Today's BROSH-Ball Score: Cara 3, Sammy 1

This is post # 700. Wow. 

Today, let's attend a little BROSH-Ball game. You remember the BROSH label, right? I don't actually understand how this works, but it released the products of a variety of other small and large song-poem outfits, often mixing two to four different outfits on one EP. And what's more, given the address on this record, it seems to have operated out of a non-descript four bedroom house in the middle of nowhere, better known as the furthest reaches of the Chicago suburbs, a town called Carpentersville, IL

Today's game features a match-up between the Globe company stalwart Sammy Marshall, playing against Lee Hudson's favorite chanteuse, Cara Stewart 

Sammy Marshall, playing for the Nashville Globes, scores first, with "The Chimes of Heaven", although given the nature and low quality of this song and performance, I imagine his run came in on a cheap error or a wild pitch, 'cause he didn't earn his run honestly with this track. It's as sappy as they come - it's a wedding song, backed by a truly bland and boring band arrangement, and bathed in echo. 


Up comes Cara Stewart, the star player of the California Lee Hudsons, and she ties the game, hitting one - a number called "Dance With Me" - right out of the park. The debt owed to Les Paul and Mary Ford has rarely been more clear on a Lee/Cara record than it is on this number. Slinky and sexy, with some great guitar, and yet another killer vocal from Cara, and a lovely overuse of reverb (there is no such thing as too much reverb, in my book). The song is cool, too. And instead of the usual Lee Hudson "downward chord" effect at the end, in this case, the chord moves up a notch for the final bit.  
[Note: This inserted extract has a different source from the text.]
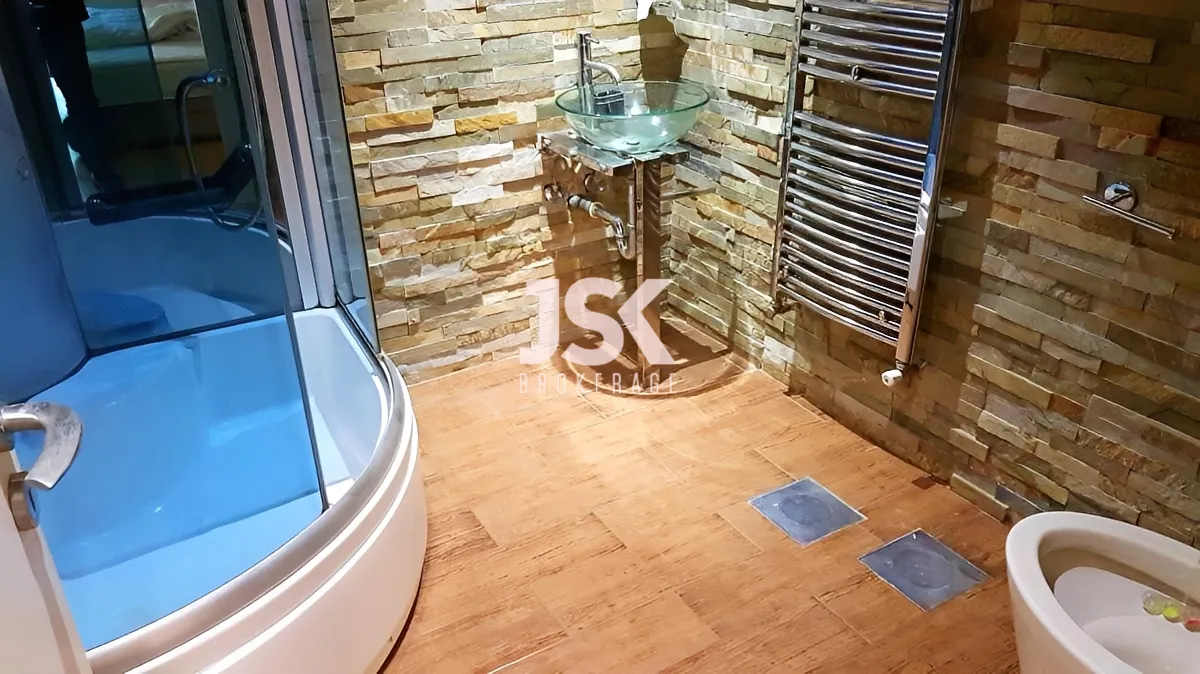 Apartment for Sale in Kfar Hbab, Lebanon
The Lee Hudsons take the lead for good, with what must have been a workmanlike series of walks and hits, with the second side opener. This one isn't really much better, as a song, than Sammy's number, sort of draggy and some stale "poor little me" lyrics, but Lee and Cara elevate the material, as they so often do, with that same winning combination of slinky guitar, sexy vocal and irresistible reverb. 
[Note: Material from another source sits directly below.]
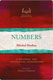 Mitchel Modine, Numbers. Asia Bible Commentaries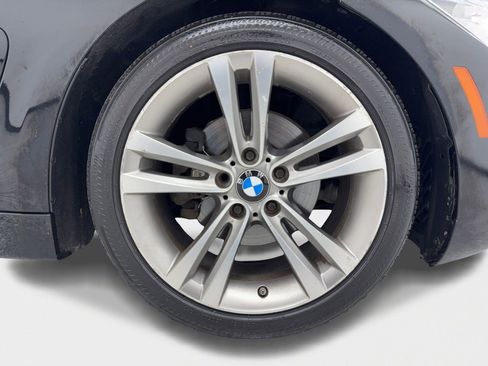 Used 2016 BMW 428i Convertible RWD image 63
Cara scores an insurance run with the final number, "I'm Coming Home to You", perhaps a single and a double, or vice versa. Honestly, much of what I wrote about "Love, What Is It All About" would apply here, and yet.... well, Cara Stewart is one of those proverbial people who could sing the phone book and make it sound great. I'll just let her voice wash over me, and wish that I was the one she was coming home to. 


1 comment:

Stu Shea said...

That's a fine series of Cara performances right there! I enjoyed them all. The Sammy song not so much--boring song, dull arrangement.
Thanks for posting!!!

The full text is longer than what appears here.